Some examples of linear ODEs:

First order ODE $\frac{dy}{dx} + p(x)y = q(x).$
Bessel’s equation $x^2 \frac{d^2y}{dx^2} + x \frac{dy}{dx} + (x^2 - n^2) y = 0.$
Legendre’s equation $(1 -x^2) \frac{d^2y}{dx^2} - 2x \frac{dy}{dx} + n(n+1) y = 0.$

Linear Operators

We define the differential operator as $\mathcal{D}[f] \equiv \frac{d}{dx}[f]$ .

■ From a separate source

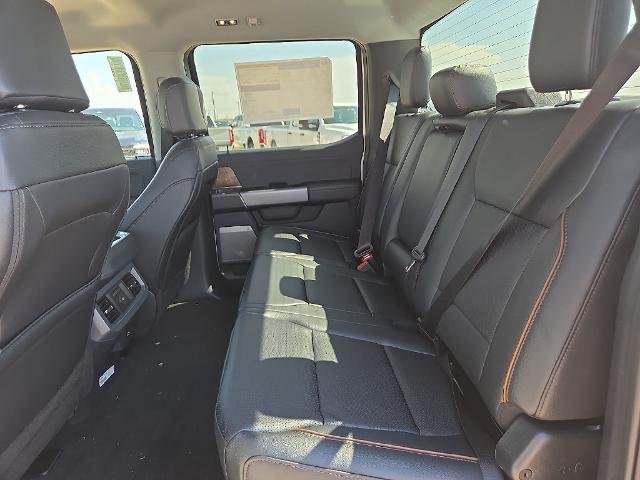 New 2026 Star White Metallic Tri-Coat Ford F-350® Lariat® image 43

Differential operator is a linear operator since we have: $\mathcal{D}[\lambda_1 f_1 + \lambda_2 f_2] = \lambda_1 \mathcal{D}[f_1] + \lambda_2 \mathcal{D}[f_2].$ Defining differential operator of order $k$ as $\mathcal{D}^k[f] \equiv \frac{d^k}{dx^k}[f]$ , which is also a linear operator as we have: $\mathcal{D}^k[\lambda_1 f_1 + \lambda_2 f_2] = \lambda_1 \mathcal{D}^k[f_1] + \lambda_2 \mathcal{D}^k[f_2].$ Linear ODEs are associated with a linear operator defined using the differential operators: $\mathcal{L}[y] \equiv \sum_{i=0}^{k} \alpha_i(x) \mathcal{D}^i[y]$ since: $\mathcal{L}[\lambda_1 f_1 + \lambda_2 f_2] = \lambda_1 \mathcal{L}[f_1] + \lambda_2 \mathcal{L}[f_2].$ A linear ODE can thus be simply written as $\mathcal{L}[y] = f(x)$ and a homogenous ODE as $\mathcal{L}[y] = 0$ . Linearity of $\mathcal{L}$ has an important consequence. If we have two solutions $y_1$ and $y_2$ of a homogenous linear ODE $\mathcal{L}[y] = 0$ , then any linear combinations of these solutions are also solutions for this ODE, since: $\mathcal{L}[\lambda_1 f_1 + \lambda_2 f_2] = \lambda_1 \mathcal{L}[f_1] + \lambda_2 \mathcal{L}[f_2] = 0.$

Linear independence

A set of functions $\{f_i(x)\}_{i=1}^k$ is said to be linearly independent if $f_i$ ’s satisfy the following condition: $c_1 f_1(x) + c_2 f_2(x) + \cdots + c_k f_k(x) = 0,$ if and only if $c_1 = c_2 = \cdots = c_k = 0$ .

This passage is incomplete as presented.